Dataset records:
──────────────────────────────

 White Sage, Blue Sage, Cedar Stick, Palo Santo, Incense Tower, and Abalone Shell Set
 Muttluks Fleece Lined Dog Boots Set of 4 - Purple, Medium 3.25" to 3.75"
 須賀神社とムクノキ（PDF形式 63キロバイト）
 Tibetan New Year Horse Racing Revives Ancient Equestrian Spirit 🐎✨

──────────────────────────────

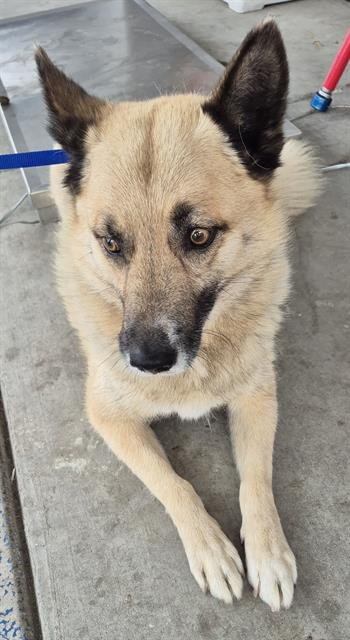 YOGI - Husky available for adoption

──────────────────────────────

Required work: Going back to the entries above, set down exactly the lines that begin at the one with "Muttluks Fleece Lined" and end at the one with "Tibetan New Year", both included, and nothing else.

Solution:
 Muttluks Fleece Lined Dog Boots Set of 4 - Purple, Medium 3.25" to 3.75"
 須賀神社とムクノキ（PDF形式 63キロバイト）
 Tibetan New Year Horse Racing Revives Ancient Equestrian Spirit 🐎✨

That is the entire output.